About this task: Lines after the one containing "maison. Plan de 6 pièces et 129 m2" are to be omitted; print exactly each line from the start of the records up to and including it.

Records for this exercise:
────────────────────────────────────────

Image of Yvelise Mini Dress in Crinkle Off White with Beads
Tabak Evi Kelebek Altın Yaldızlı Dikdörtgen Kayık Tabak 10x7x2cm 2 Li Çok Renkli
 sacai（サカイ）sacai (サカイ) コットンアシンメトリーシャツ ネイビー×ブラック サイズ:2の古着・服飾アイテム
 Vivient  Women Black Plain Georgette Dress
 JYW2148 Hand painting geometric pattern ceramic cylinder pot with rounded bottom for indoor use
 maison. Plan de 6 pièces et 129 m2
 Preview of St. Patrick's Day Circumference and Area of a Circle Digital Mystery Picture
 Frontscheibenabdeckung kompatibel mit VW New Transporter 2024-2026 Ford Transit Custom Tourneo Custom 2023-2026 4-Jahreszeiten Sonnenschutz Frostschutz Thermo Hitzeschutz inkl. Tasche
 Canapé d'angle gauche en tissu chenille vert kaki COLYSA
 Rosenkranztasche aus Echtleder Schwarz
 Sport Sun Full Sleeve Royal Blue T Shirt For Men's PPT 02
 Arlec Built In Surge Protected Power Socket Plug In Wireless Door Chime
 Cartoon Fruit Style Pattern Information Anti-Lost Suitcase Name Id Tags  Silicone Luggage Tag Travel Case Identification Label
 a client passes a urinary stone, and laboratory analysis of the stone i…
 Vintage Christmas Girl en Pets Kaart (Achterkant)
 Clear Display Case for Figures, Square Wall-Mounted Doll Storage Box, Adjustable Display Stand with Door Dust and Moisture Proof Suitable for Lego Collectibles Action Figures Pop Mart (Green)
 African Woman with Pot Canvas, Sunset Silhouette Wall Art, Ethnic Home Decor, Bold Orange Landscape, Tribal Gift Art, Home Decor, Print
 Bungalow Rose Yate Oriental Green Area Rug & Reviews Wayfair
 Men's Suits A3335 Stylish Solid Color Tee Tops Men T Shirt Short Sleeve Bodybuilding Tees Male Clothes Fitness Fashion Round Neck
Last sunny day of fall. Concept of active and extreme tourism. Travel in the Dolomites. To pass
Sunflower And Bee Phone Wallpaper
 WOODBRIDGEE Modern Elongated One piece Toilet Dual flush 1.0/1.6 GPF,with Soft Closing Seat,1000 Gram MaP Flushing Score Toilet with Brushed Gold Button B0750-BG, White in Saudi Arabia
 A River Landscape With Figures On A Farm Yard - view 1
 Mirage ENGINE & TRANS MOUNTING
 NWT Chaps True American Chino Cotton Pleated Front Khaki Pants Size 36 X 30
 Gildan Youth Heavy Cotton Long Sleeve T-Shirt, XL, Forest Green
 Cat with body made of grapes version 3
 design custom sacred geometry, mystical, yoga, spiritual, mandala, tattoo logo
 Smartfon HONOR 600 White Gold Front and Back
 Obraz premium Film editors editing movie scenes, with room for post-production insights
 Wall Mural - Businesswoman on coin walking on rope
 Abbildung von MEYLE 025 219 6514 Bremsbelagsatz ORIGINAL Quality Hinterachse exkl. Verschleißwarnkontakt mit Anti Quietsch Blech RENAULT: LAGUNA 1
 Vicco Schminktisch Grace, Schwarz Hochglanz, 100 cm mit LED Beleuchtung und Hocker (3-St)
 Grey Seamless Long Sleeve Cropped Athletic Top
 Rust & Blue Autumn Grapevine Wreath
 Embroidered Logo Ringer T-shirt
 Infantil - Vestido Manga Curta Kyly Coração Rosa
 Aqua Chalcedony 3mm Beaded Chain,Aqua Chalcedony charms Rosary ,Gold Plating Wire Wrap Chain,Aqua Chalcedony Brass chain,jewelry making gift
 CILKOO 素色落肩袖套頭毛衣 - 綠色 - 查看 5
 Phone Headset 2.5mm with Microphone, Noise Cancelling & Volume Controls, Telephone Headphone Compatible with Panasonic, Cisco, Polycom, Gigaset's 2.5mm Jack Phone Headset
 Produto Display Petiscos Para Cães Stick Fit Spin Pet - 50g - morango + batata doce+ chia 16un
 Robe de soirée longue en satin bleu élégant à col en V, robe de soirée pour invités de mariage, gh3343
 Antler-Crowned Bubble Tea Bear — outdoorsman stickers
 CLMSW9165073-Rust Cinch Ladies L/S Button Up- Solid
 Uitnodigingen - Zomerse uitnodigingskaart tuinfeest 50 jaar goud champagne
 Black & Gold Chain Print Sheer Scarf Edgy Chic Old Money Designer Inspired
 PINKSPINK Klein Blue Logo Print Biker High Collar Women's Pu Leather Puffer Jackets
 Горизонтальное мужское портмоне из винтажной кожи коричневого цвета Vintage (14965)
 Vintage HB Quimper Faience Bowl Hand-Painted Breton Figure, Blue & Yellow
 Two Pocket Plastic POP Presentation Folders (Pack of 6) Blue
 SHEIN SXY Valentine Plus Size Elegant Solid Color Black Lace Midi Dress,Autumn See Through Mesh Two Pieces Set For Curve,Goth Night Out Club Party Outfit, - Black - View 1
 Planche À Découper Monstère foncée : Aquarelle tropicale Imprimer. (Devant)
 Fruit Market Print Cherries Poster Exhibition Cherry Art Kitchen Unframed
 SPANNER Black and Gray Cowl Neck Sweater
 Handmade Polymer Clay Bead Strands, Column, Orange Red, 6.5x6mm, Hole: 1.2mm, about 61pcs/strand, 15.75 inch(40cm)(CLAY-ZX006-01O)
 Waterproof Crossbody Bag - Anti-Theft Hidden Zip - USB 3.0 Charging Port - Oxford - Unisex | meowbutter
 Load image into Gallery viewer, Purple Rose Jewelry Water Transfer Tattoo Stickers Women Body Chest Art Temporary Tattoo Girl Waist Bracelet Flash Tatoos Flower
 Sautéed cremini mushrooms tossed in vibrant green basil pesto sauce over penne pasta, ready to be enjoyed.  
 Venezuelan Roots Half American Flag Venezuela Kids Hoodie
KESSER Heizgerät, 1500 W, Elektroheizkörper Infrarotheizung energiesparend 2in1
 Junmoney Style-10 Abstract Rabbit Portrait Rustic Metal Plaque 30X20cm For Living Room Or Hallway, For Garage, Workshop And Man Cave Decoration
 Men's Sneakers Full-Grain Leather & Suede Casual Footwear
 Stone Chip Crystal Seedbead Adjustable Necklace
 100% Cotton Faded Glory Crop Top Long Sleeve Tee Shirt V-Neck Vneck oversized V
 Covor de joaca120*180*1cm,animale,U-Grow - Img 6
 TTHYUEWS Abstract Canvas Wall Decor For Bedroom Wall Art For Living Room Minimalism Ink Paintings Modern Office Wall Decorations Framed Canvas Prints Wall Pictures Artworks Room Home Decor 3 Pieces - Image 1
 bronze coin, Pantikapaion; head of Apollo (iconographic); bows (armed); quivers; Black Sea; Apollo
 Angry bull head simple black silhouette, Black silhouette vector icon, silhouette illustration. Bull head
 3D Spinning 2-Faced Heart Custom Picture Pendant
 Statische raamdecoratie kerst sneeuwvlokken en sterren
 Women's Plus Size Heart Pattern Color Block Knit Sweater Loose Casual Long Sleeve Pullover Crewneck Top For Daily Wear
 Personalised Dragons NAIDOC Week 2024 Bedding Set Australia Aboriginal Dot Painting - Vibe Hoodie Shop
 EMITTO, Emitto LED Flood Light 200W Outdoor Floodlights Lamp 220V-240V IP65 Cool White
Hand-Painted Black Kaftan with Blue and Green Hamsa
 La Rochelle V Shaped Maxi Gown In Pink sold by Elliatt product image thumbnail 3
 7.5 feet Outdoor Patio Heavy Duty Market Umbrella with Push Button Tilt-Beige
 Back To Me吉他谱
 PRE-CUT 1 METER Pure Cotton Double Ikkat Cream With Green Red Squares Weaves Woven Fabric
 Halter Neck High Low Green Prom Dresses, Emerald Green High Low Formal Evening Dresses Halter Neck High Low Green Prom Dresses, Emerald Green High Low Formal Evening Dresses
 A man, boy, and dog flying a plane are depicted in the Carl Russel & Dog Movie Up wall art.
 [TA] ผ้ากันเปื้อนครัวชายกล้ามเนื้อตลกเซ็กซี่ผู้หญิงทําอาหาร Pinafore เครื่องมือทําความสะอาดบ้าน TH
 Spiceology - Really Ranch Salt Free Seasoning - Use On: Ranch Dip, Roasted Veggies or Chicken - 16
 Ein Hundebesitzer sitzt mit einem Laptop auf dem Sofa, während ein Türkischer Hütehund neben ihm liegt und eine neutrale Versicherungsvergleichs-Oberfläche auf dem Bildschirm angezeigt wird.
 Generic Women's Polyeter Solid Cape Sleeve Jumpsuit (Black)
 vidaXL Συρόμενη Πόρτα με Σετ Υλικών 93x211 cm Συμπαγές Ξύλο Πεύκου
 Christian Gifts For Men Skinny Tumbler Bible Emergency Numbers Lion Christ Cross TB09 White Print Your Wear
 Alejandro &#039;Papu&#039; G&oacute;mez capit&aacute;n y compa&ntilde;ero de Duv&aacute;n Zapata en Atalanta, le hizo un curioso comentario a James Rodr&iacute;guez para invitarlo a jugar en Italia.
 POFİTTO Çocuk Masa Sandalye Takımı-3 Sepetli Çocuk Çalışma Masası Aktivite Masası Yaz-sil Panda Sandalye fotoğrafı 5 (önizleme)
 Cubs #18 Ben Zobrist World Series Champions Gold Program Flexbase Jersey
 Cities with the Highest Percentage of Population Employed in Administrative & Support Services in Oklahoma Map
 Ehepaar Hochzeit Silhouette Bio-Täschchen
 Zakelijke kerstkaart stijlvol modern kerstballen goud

────────────────────────────────────────

Exercise answer:
Image of Yvelise Mini Dress in Crinkle Off White with Beads
Tabak Evi Kelebek Altın Yaldızlı Dikdörtgen Kayık Tabak 10x7x2cm 2 Li Çok Renkli
 sacai（サカイ）sacai (サカイ) コットンアシンメトリーシャツ ネイビー×ブラック サイズ:2の古着・服飾アイテム
 Vivient  Women Black Plain Georgette Dress
 JYW2148 Hand painting geometric pattern ceramic cylinder pot with rounded bottom for indoor use
 maison. Plan de 6 pièces et 129 m2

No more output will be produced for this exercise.